Despite some solid surfing from Pioli, which saw him finish with a combined two-wave total of 13.76 (from a possible 20), he couldn't mid a set wave when it mattered the most."I first won this event back in 2008 and although it's been a while since I've been back over here for it, I remember what makes this event so special," said Pioli. "I'm really stoked to be here making finals, making some money, making points and qualifying for the World Tour in 2019. I love longboarding and progressing the sport as far as I can so I can't complain at all."
As well as the WSL LQS event, the Whalebone Classic saw 14 amateur divisions contested.
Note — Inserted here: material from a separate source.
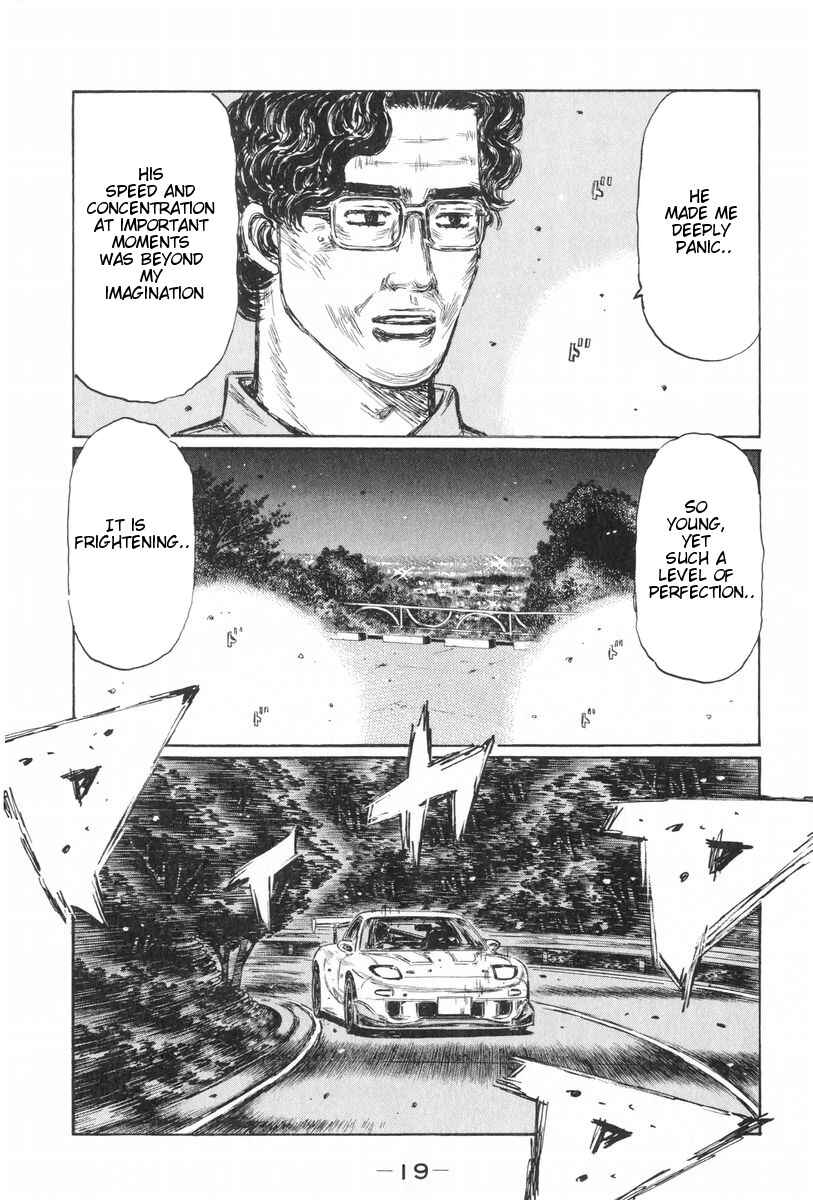 Chapter 423 - Page 5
After the WSL LQS champions were crowned, surfers from across Australia battled it out across 12 separate amateur divisions' finals.
The 2018 Whalebone Classic brought together over 130 professional and amateur longboarders come together in a true festival atmosphere, with strong corporate support, great community engagement, and a whole bunch of stoke spread across a broad age demographic.
The Whalebone Classic was born in 1998 after local longboarder Peter Dunn, discovered a whale's rib bone immersed in the surf at Isolators and decided to host a longboarding competition in memory of the whale's spirit.
Twenty-one years on, the competition has grown to be one of Western Australia's most iconic longboard events and a much-loved tradition within the local community.